To justify your claim that black folks are more likely to engage in crime, you note blacks are 2 times more likely to be sentenced for violent crimes and six times more likely to be convicted for robbery. You then rule out racial bias in the criminal justice system as a possible factor by arguing that three quarter of black murder victims are killed by blacks. Martin Luther King once penned a letter to six clergymen in which he wrote, “I am sure that none of you would want to rest content with the superficial kind of social analysis that deals merely with effects and does not grapple with underlying causes.” Like the six clergymen King wrote to, you have also engaged in a superficial kind of social analysis that ignores the structural causes. To get to the root cause of why blacks are sentenced by the British criminal justice system, you need to ask the question: Why are so many black folks overrepresented in the criminal justice system? A research conducted by the organisation you once headed for ten years revealed that a black person relative to a white person was eleven times more likely to be stopped by the London Metropolitan Police; so why wouldn’t a black folk be more likely to be convicted? Why are blacks six times more likely to be stopped and searched for drugs relative to whites even though they use less drugs than white folks? You focus on the so-called black on black crime while ignoring the “never mentioned” white on white crime. Isn’t it ironic that while statisticians are keen to compile data on blacks killing blacks, they refrain from publishing data on white on white killings, despite the prevalence of media reports about white people murdered by white folks? Have you taken time to analyse why “Black crime” is a pleonasm, whereas “White crime” is an oxymoron in modern day Britain?

In shedding the spotlight on racism in football, you interview Les Ferdinand, a retired footballer and ask him about his views on the incident in which his cousin, Anton Ferdinand was alleged to have been called a black cunt by former England captain John Terry. After spending a few minutes discussing the incident, you shift the discussion from the racist remarks made against black players to the lack of black coaches in football. You then argue that Britain has got its priority wrong by focusing on racism at the individual level rather than addressing racism at the macro level stating, “The real taboo isn’t black cunt, it’s black boss.” Once again, you commit a fallacy of composition by using a single incident as evidence that agitators have got their racial priorities wrong. You also use a red herring to shift the discussion away from an issue, which is endemic in Britain, to a topic that is less disturbing. What is the point of having black managers if they are still going to be subjected to the same racial abuse faced by black players and black fans? Racism has to be tackled from both the micro and macro level. So to rephrase what you said earlier, the real taboo is not “either/or” (black cunt or black boss); the real taboo is  “both/and” (black cunt and black boss).

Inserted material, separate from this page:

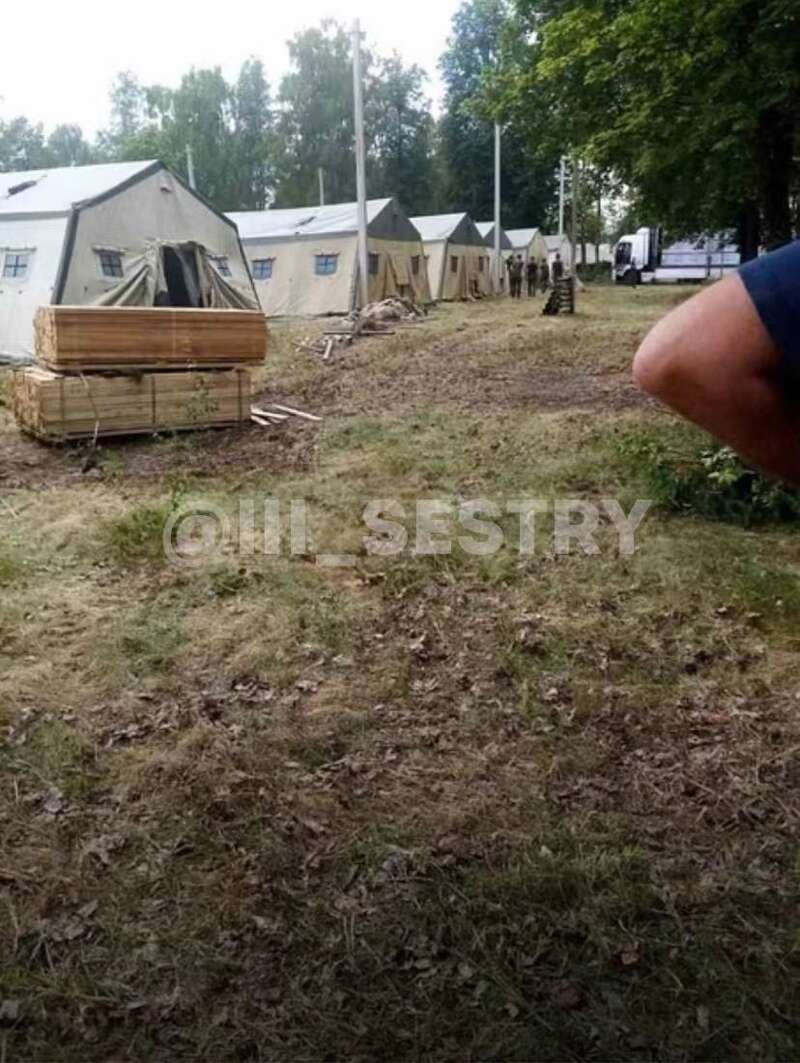 白俄罗斯首批瓦格纳营地照片曝光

Another flaw in the documentary is that it suffers from selection bias.  First, since you are discussing race, one would have expected sufficient representation from people of the different races. In your documentary, non-whites were not adequately represented as you interviewed only three ethnic minorities namely Simon Woolley, Tarique Ghaffur and Les Ferdinand. Second, most of the people interviewed were those who agreed with your line of reasoning. It was only Simon Woolley of Operation Black Vote and former British Prime Minister, Tony Blair who disagreed with your point of view.  The prevalence of white interviewees and people in support of your line of reasoning biases the conclusions of your documentary in favour of the viewpoint of the dominant culture in Great Britain.  Viewers would have got more out of your documentary if you had also included victims of racism rather than focusing mainly on those who “think” they would be branded racists if they speak their minds.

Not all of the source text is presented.